Kew Gardens: drawings

Kew Gardens: a bit of history

The first nine acres of Kew Gardens were born in 1759 at the behest of Princess Augusta, mother of King George III and are located just outside London. Reachable by subway!

Older than the park was already the Kew Palace, from 1631, which today can be visited and takes the visitor to the aristocratic rooms of the 1600s.

The first projects were by the then very famous Decimus Burton and William Chambers.

Decimus Burton, a very prolific Victorian architect and landscape architect both in England and abroad, he is not a well-known designer, although many of his works are still visible in important parks in London and beyond.

In Kew Gardens are the Temperate House, the Palm House, the Waterlily House and the Pagoda.

For the structure he was inspired by shipbuilding architecture. Perhaps this is why the shape resembles the keel of an upturned ship.

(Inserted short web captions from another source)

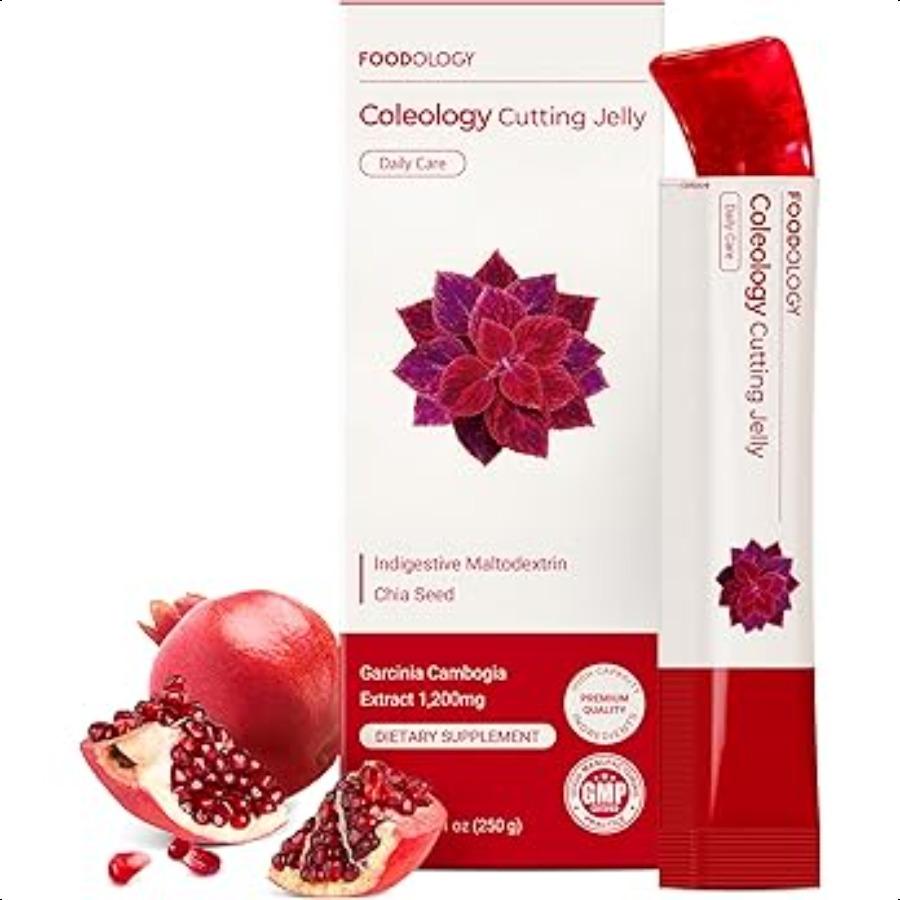 Foodology Coleology Digestive Care Jelly 10 Sticks 1 Box 10Sticks 1box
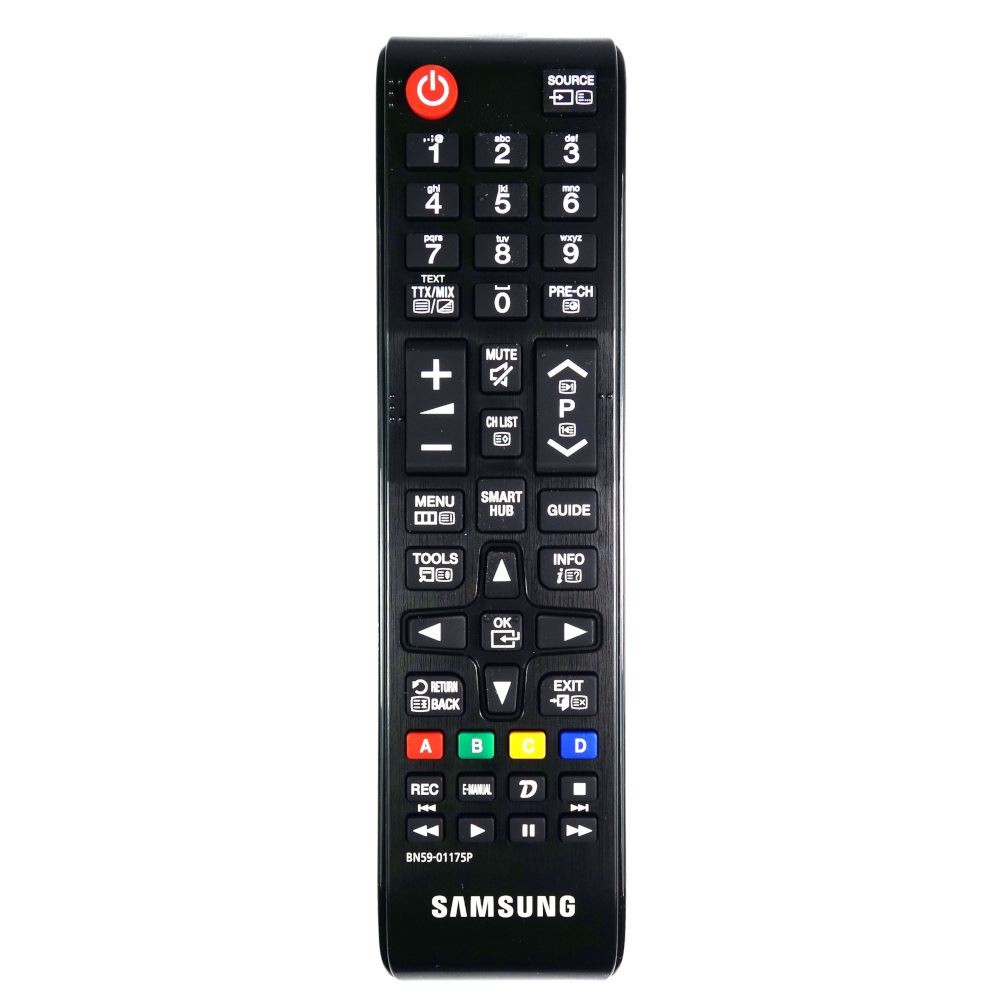 Genuine Samsung UE75JU7000TXZT TV Remote Control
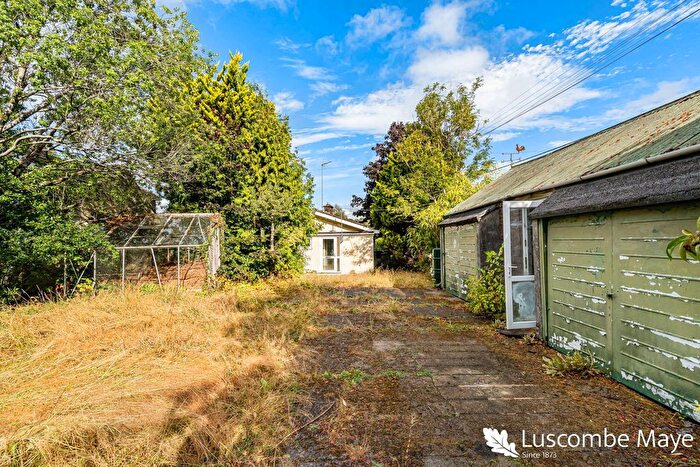 3 Bedroom Bungalow For Sale In Springfield Road, South Brent, TQ10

William Chambers, swedish by birth, he first worked in China, absorbing its taste. Then he studied architecture in Paris and Rome, returning to England ready to open his own architecture studio. Reading her story one would like to have a life like hers.

His taste, influenced by the Chinese one, was very successful at the time, also driving the entire production of his time.

In this regard, I recommend reading the article “The book of oriental dreams“.



Let’s take a closer look at some of Kew Gardens’ greenhouses

The main greenhouses that can be visited at Kew Gardens are the aforementioned Palm House and  Temperate House, but they are not the only ones in this paradise of over 120 hectares.

Another large greenhouse, built in modern times, is the one inaugurated by Princess Diana and named after Princess Augusta: il Princess of Wales Conservatory.

Another small, but no less important greenhouse is the Davies Alpine House which bears the same content in its name.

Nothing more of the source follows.